鉄道友の会は21日、2015年の「ブルーリボン賞」にJR東日本E7系・JR西日本W7系、「ローレル賞」にJR東日本EV-E301系と箱根登山鉄道3000形を選定した。
JR東日本E7系・JR西日本W7系は、両社が共同で開発した北陸新幹線向けの新幹線車両で、E7系は2014年3月、W7系は2015年3月の各ダイヤ改正日にあわせて導入。北陸新幹線では、30パーミルの急勾配が連続する区間のほか、電源周波数の切り換え箇所が3つあるなど厳しい条件があり、これら条件下でも高い安全性、信頼性を確保していることが評価された。加えて、外装に日本の伝統色を使い、車体上部は空色、車体はアイボリーホワイト、車体中央の帯は銅色と空色とするなど、「“和”の未来」をコンセプトとするデザインで、北陸新幹線を強くアピールしたことも選定理由となった。
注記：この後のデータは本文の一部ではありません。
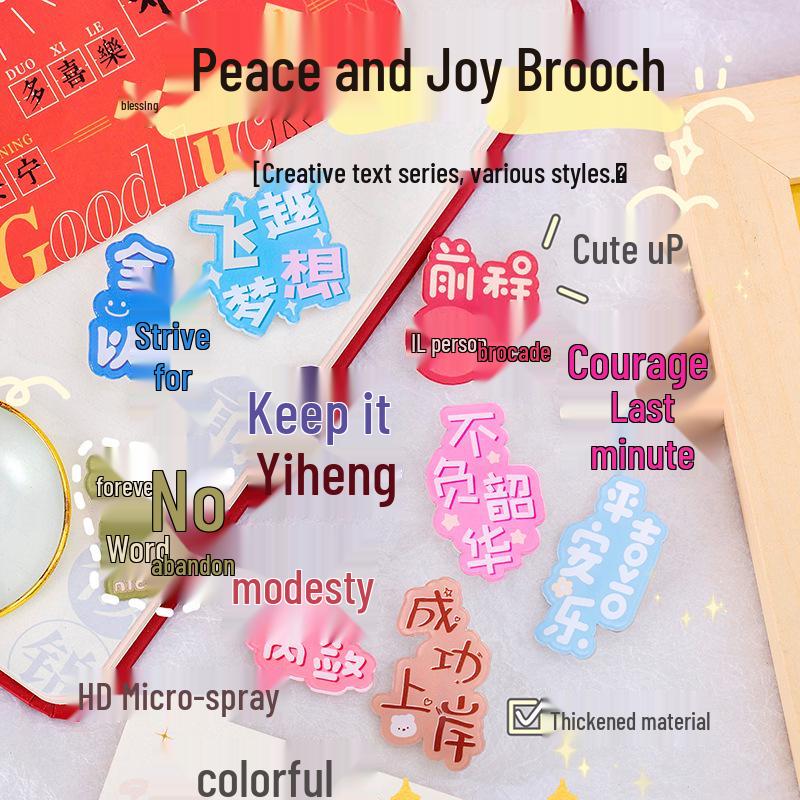 

Inspirational Peace & Joy Brooch: Portable Children s Acrylic Safety Pin Badge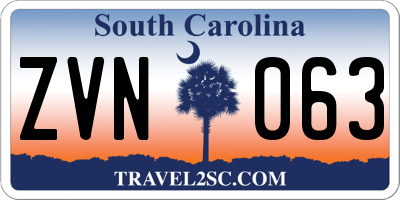 SC license plate ZVN063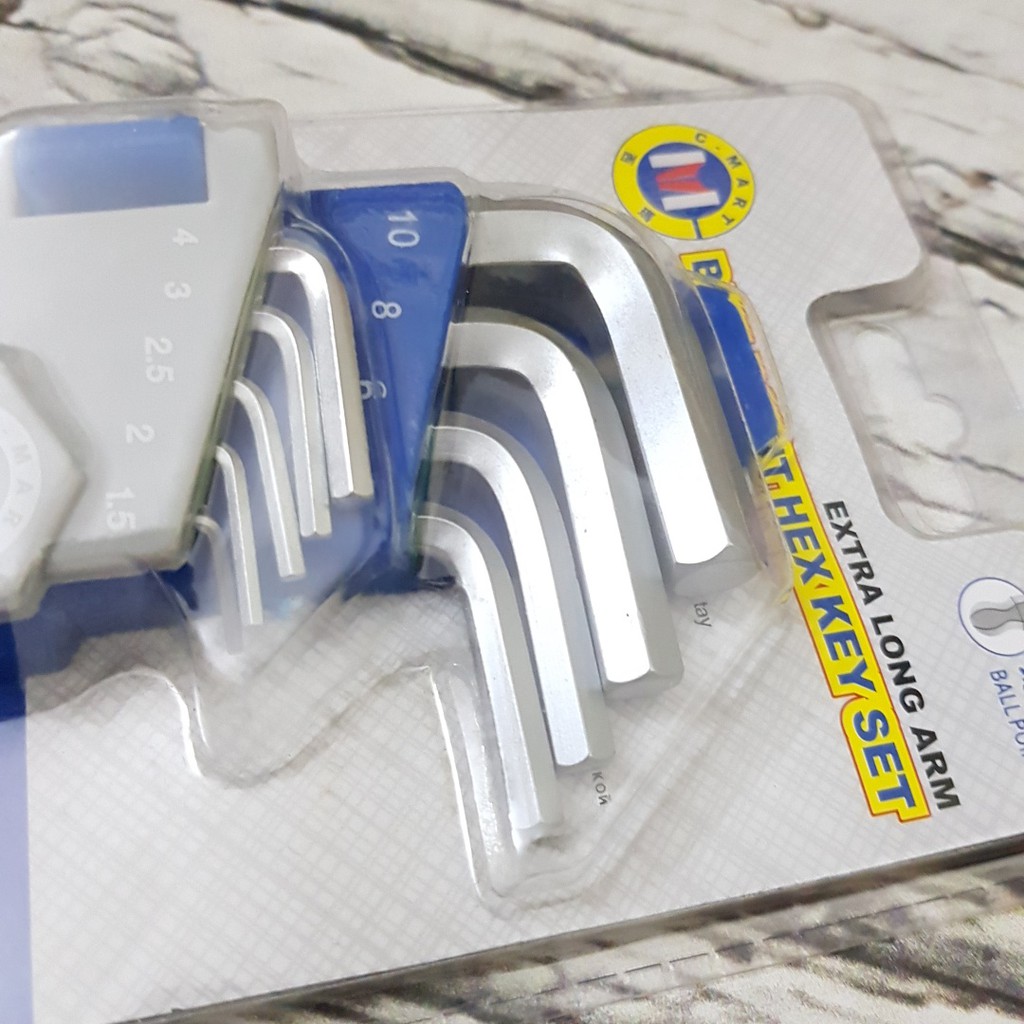 Bộ lục giác cmart cao cấp 9 chi tiết thép crv gồm các cỡ 1.5-2-2.5-3-4-5-6-8-10mm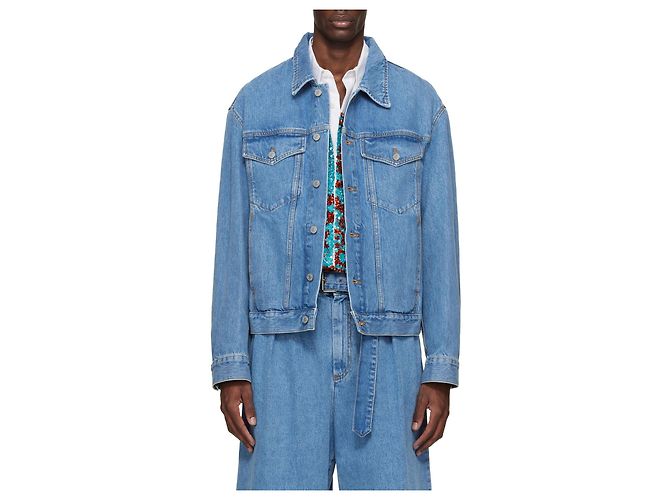 Dries Van Noten Skin Denimjacke Hellblau - Ansicht 9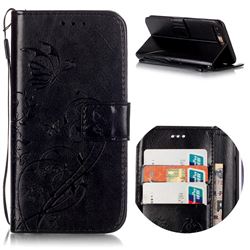 Embossing Butterfly Flower Leather Wallet Case for iPhone 8 Plus / 7 Plus 8P 7P (5.5 inch) - Black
JR東日本のEV-E301系「ACCUM(アキュム)」は、2014年3月15日に、烏山線を含む宇都宮~烏山間で営業運転を開始。車両にリチウムイオン電池を搭載し、電化区間の宇都宮~宝積寺間の走行時や、烏山駅に設置された充電設備から、パンタグラフを通して充電する方法を採用。電化されていない区間を蓄電池の電力で走行でき、非電化路線鉄道の新しい動力方式を実用化した意義が評価され、選定された。
箱根登山鉄道3000形は、1989年の2000系「サンモリッツ号」以来の新型車両で、愛称は「アレグラ号」。車両前面に大型ガラス、側面に大きな展望窓を設け、箱根の景観を四方から楽しめるようにするなど、デザイン性が高く、電圧システムやブレーキなどで最新の技術を採用。観光地・箱根のイメージアップに貢献したことが評価された。
ブルーリボン賞は、毎年1回、前年に営業運転についた新型車両または改造車両から、鉄道友の会の会員が投票し、「ブルーリボン賞・ローレル賞選考委員会」が優秀と認めた車両に贈られる。昨年は、ブルーリボン賞に近畿日本鉄道50000系「しまかぜ」が、ローレル賞には、JR東日本E6系、福井鉄道F1000形「FUKURAM」が選定。ローレル賞は、2年連続で複数の受賞となった。